1. “No cause shall, be carried to the Supreme Court or Court of Appeals upon any bill of exceptions, so long as the same is pending in the court below, unless the decision or judgment complained of, if it had been rendered as claimed by the plaintiff in error, would have been a final disposition of the cause, or final as to some material party thereto.” Code of 1910, § 6138, Code of 1933, § 6-701; Mathews v. Rountree, 123 Ga. 327 (51 S. E. 423); Johnson v. Henry, 178 Ga. 542 (174 S. E. 140); Morris v. General Motors Acceptance Cor., 175 Ga. 436 (165 S. E. 103); Belfor v. Belfor, 175 Ga. 694 (165 S. E. 635). The general rule is that a writ of error will not lie from or to an interlocutory decision. Clark v. Dallas Land Co., 141 Ga. 110 (80 S. E. 556); McConnell v. West, 105 Ga. 468 (30 S. E. 654); Ray v. Anderson, 117 Ga. 136 (43 S. E. 408); Baldwin v. Lowe, 129 Ga. 711 (59 S. E. 772); Hendricks v. Reid, 125 *406Ga. 775 (54 S. E. 747); Donalson v. Norman, 14 Ga. App. 146 (80 S. E. 678); Griffin v. Hollingsworth, 17 Ga. App. 403 (87 S. E. 155) .

Decided June 15, 1935. M. H. Collier, W. L. Sala, Joseph J. TIophins, for plaintiff. Brandon, Hynds & Tindall, for defendant.

(a) A judgment, order, or decree in a matter which is merely collateral or incidental to the main action is not generally such a final judgment as will authorize a direct writ of error between the parties in the main suit. 3 C. J. 451; Smith v. Estes, 128 Ga. 368, 370 (57 S. E. 685); Gibson v. Motor Finance Co., 37 Ga. App. 392 (140 S. E. 424); Spires v. Beane, 46 Ga. App. 843 (169 S. E. 386); Daniel v. Chastaine, 48 Ga. App. 799 (173 S. E. 864).

(b) A writ of error will not lie from an order refusing to compel a witness or party to appear before a commissioner and have his depositions taken pursuant to the provisions of sections 38-2301 et seq. of the Code of 1933. 3 C. J. 495, 496, 497, §§ 328, 329, 330; Alexander v. United States, 201 U. S. 117 (26 Sup. Ct. 356, 50 L. ed. 686); Webster Coal Co. v. Cassett, 207 U. S. 181 (28 Sup. Ct. 108, 52 L. ed. 160); Rozinsky v. Seawright, 142 Ga. 251 (82 S. E. 661); Hill v. Tift, 37 Ga. 564. If the plaintiff had sought to have the defendant attached for contempt, and, upon refusal of the court to do so, had sued out a writ of error, a different question would have arisen. See Really Construction Co. v. Freeman, 174 Ga. 657 (163 S. E. 732); Stephens v. Liquid Carbonic Co., 36 Ga. App. 363 (136 S. E. 808).

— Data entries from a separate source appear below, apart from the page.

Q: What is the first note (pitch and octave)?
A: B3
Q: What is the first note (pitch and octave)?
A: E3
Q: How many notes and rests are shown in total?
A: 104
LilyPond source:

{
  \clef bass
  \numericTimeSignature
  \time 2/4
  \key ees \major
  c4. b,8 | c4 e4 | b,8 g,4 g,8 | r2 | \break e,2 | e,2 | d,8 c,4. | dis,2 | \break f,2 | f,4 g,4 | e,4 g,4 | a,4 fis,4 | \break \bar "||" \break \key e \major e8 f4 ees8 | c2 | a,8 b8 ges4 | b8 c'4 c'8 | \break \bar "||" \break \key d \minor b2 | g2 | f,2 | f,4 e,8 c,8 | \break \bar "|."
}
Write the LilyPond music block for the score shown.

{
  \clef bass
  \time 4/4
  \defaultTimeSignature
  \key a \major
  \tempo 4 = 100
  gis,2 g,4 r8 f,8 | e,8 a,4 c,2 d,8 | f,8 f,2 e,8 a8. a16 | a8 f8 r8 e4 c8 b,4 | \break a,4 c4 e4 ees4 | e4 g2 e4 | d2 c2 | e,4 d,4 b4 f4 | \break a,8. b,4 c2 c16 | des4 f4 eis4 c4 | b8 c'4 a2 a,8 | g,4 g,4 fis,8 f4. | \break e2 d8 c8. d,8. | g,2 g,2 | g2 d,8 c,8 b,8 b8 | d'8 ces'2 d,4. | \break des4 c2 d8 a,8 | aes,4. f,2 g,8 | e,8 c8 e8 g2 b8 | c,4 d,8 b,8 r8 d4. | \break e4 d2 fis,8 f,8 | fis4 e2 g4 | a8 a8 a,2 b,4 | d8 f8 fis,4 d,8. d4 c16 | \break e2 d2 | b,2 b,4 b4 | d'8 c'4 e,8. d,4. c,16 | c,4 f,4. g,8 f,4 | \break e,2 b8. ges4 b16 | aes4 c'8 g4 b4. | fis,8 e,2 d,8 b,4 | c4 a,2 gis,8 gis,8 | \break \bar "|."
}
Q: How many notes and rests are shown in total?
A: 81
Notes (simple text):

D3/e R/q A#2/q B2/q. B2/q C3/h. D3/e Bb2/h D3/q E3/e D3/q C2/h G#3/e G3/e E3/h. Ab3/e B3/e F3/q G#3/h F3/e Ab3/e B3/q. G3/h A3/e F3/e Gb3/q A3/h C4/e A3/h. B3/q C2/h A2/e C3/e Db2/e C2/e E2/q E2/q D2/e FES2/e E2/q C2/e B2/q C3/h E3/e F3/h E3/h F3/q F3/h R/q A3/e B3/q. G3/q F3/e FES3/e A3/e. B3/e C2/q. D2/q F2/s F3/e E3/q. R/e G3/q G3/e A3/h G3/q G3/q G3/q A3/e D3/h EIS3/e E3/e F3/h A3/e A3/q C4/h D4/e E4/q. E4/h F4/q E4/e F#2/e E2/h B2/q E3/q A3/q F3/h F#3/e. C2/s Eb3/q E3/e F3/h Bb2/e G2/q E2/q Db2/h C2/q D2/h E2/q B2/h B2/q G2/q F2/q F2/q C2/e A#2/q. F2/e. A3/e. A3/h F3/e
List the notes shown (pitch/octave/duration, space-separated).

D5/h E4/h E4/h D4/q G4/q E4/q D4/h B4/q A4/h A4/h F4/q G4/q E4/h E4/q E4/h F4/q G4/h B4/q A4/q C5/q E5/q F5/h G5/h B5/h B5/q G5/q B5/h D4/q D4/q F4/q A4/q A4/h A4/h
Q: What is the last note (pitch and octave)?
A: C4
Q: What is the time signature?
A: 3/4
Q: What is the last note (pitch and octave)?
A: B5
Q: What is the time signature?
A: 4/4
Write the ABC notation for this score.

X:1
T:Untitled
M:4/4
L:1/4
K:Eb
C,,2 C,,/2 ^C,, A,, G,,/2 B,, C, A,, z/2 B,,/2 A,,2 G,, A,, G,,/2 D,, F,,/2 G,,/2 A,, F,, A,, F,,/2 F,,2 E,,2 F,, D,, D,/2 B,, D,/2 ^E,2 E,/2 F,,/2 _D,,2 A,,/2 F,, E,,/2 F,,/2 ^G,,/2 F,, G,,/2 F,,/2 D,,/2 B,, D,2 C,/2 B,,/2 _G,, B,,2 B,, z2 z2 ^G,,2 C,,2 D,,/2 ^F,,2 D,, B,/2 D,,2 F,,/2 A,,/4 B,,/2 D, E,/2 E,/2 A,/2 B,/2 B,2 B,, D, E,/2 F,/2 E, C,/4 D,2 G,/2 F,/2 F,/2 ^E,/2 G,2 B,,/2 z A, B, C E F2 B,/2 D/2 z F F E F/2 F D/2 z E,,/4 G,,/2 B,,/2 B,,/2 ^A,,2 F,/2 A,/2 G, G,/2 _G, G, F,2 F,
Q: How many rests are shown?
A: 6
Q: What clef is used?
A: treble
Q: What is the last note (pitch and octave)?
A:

2. Striking or refusing to strike an answer or a plea is not a final judgment. Turner v. Camp, 110 Ga. 631 (36 S. E. 76); Ox Breeches Mfg. Co. v. Bird, 1 Ga. App. 40 (57 S. E. 975); McCray Refrigerator Sales Cor. v. New, 44 Ga. App. 664 (162 S. E. 632); Jackson v. Yancey Tractor Co., 47 Ga. App. 271 (170 S. E. 320). In such a case neither party can except directly to such judgment, but should file exceptions pendente lite, and, upon the rendition of final judgment in the cause, assign error in the bill of exceptions upon such exceptions pendente lite. Code of 1933, § 6-701.

3. It follows that the motion of the defendant to dismiss the writ of error must be granted. Had plaintiff’s petition or motion” been granted and defendant’s plea and answer stricken, upon his failure to appear as a witness and testify, this would not have been such a final judgment as he could have excepted to directly in this court, and therefore neither ' can the plaintiff except to the refusal of the court to grant such motion.

4. Upon application by the plaintiff in error, leave is granted to have the official copy of the bill of exceptions of file in, the office of the clerk of the city court of Atlanta recorded therein as exceptions pendente lite in this proceeding. Neal-Blun Co. v. Zeigler, 11 Ga. App. 273 (75 S. E. 142).

Writ of error dismissed, with direction.

Jenkins, P. J., and Stephens, J., concur.